──────── Source information
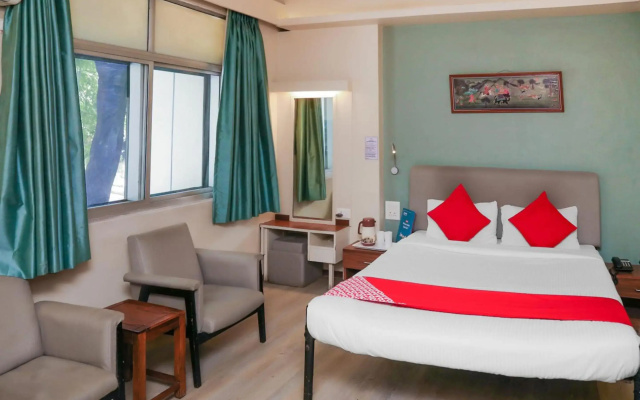 Collection O 80421 Hotel Pearl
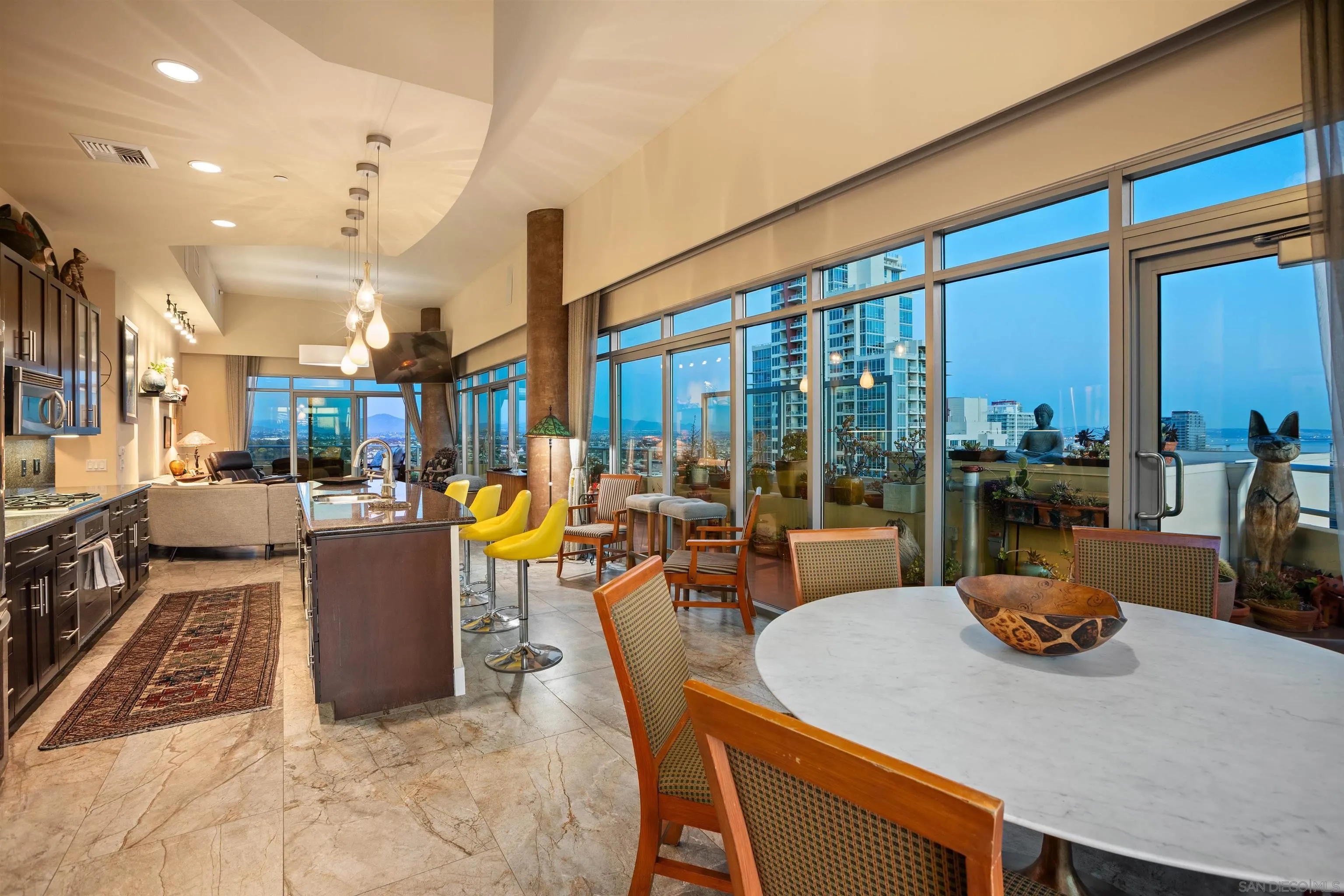 Photo #5: 240007901 Listing 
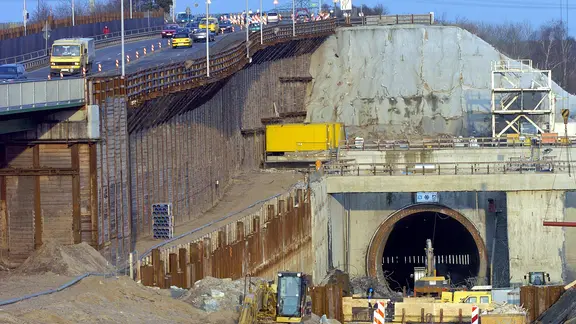 Blick am 26.02.2004 auf eine im Bau befindliche Röhre des Lübecker Herrentunnels, der die Herrenbrücke ersetzen soll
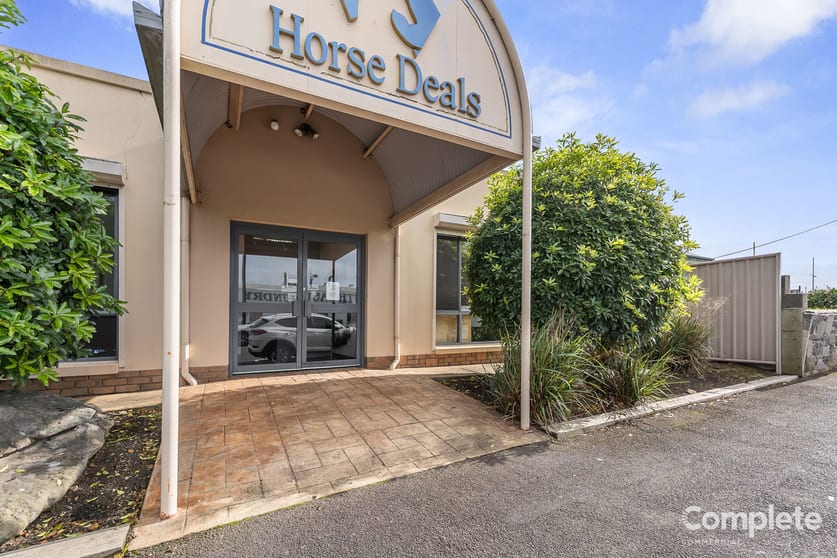 Click to view all images 7 ANTHONY STREET Mount Gambier SA 5290 - Image 1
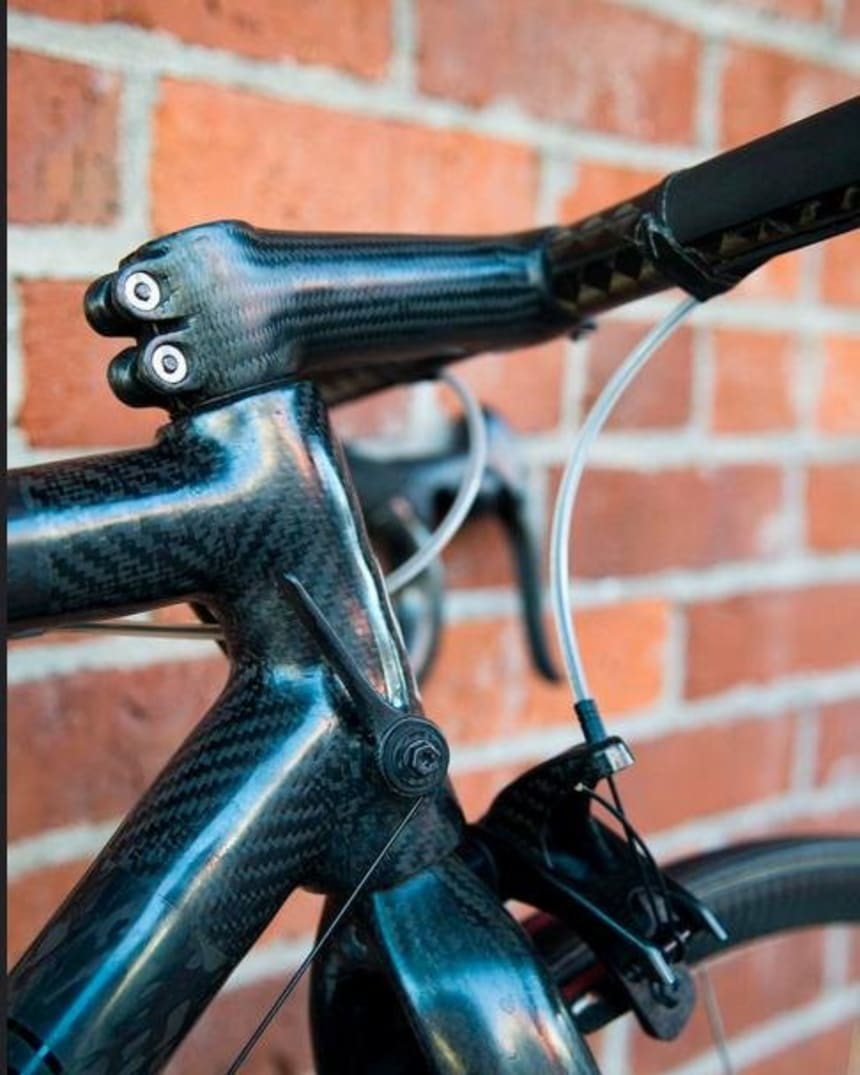 lightest carbon frame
────────────────
Work request
Quote exactly, and only, the lines from the line containing "Blick am 26.02.2004" through the final line of the records above, both included, omitting any pictures.

The completed task
 Blick am 26.02.2004 auf eine im Bau befindliche Röhre des Lübecker Herrentunnels, der die Herrenbrücke ersetzen soll
 Click to view all images 7 ANTHONY STREET Mount Gambier SA 5290 - Image 1
 lightest carbon frame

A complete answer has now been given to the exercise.